[Dataset — start]

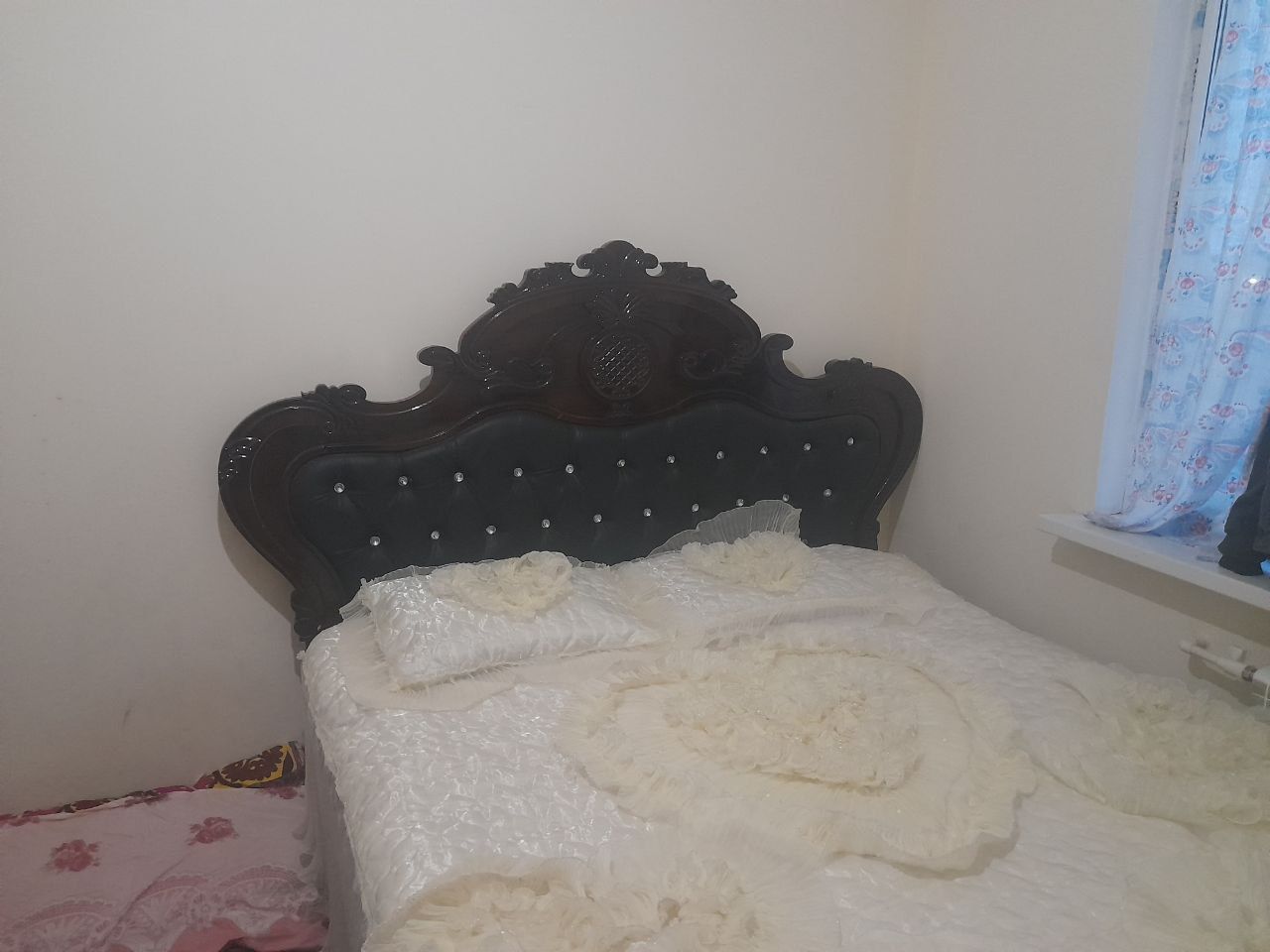 Motrid 3 xonali ijaraga beriladi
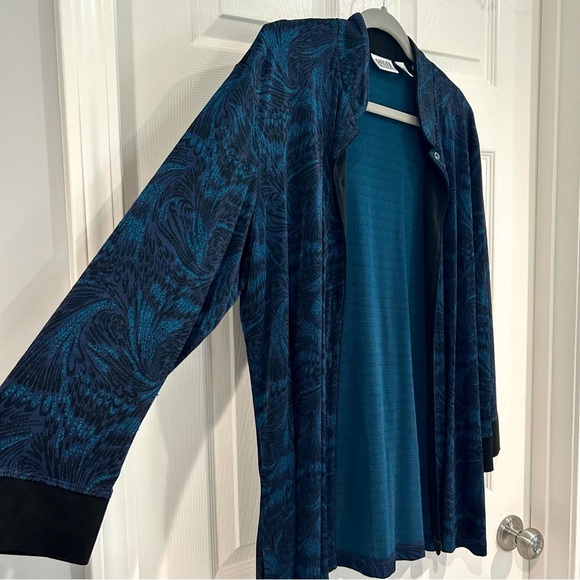 Chico's Design Peacock Slinky Button Up Jacket Top Size 3 Blue Turquoise Black - Picture 7 of 13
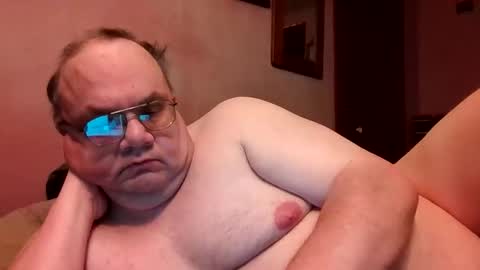 Snapshot of chrismini312 chatting on 05/27/26, 01:35 Chris The Jerk Off King online show from 05/27/26, 01:35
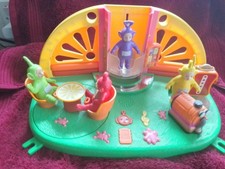 Teletubbies Home  Tubbytronic Superdome Playset & four figures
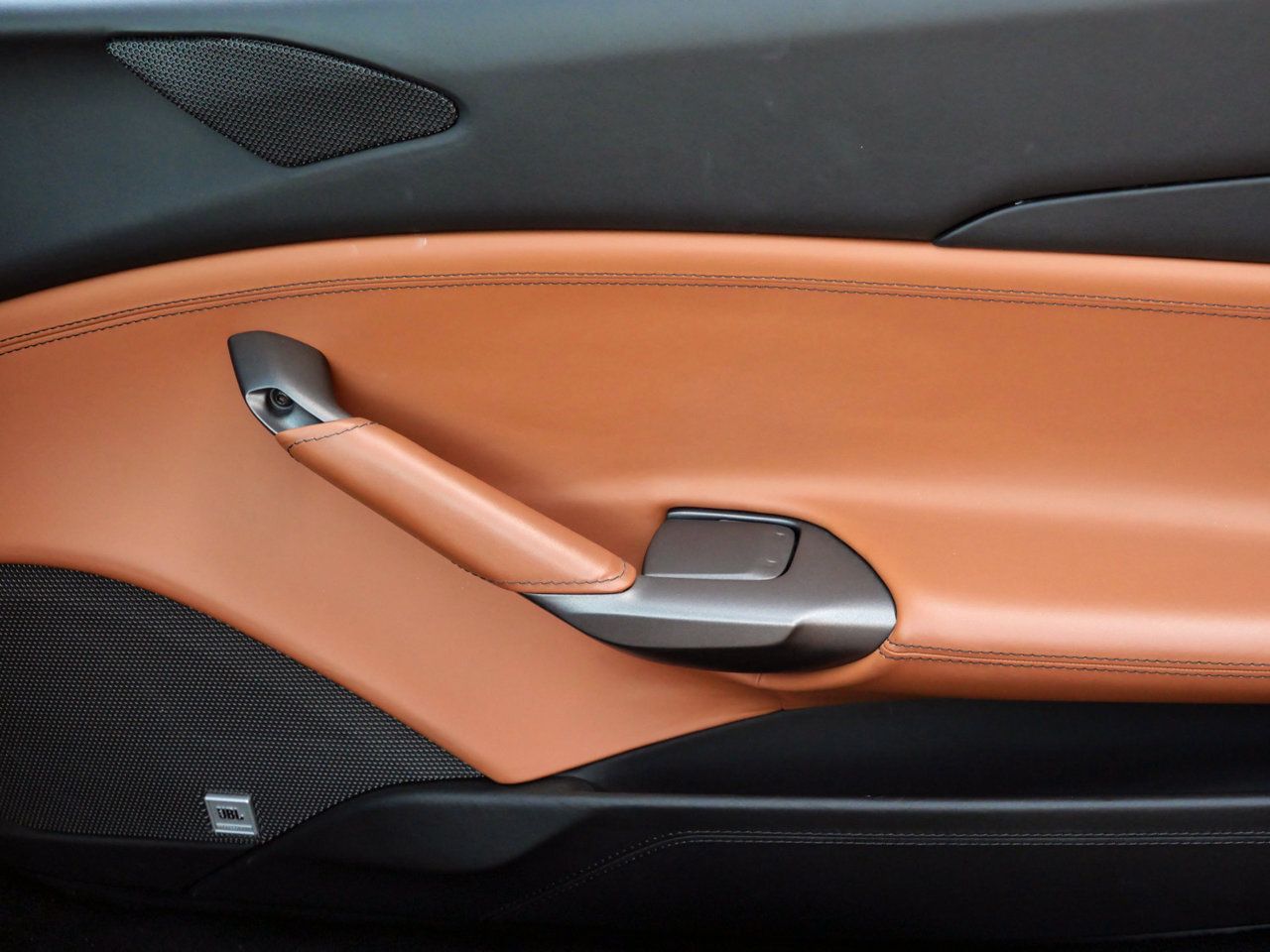 Used 2018 Ferrari 488 Spider RWD image 21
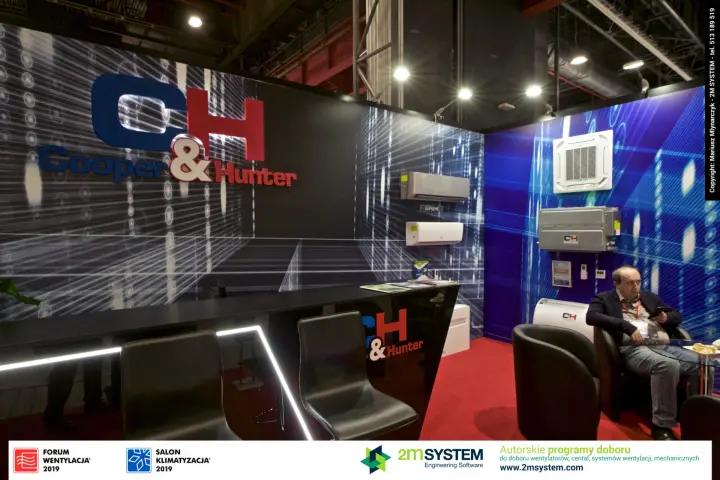 Close view of Cooper&Hunter logo wall, bar stools and cassette unit at Forum Wentylacja 2019
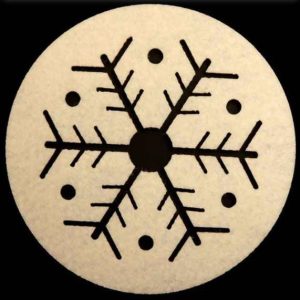 8 CHRISTMAS FELT COASTERS CREAM
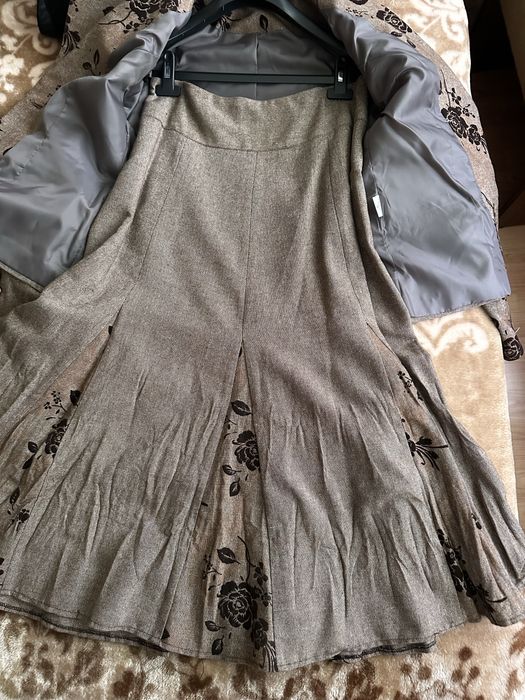 Кафяв вълнен костюм с пола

[Dataset — finish]

• _Aim of the exercise_: Print again, word for word, every line from the line with "8 CHRISTMAS FELT COASTERS CREAM" to the final line of the records, inclusive; skip the pictures.

• _Response to the task_:
 8 CHRISTMAS FELT COASTERS CREAM
 Кафяв вълнен костюм с пола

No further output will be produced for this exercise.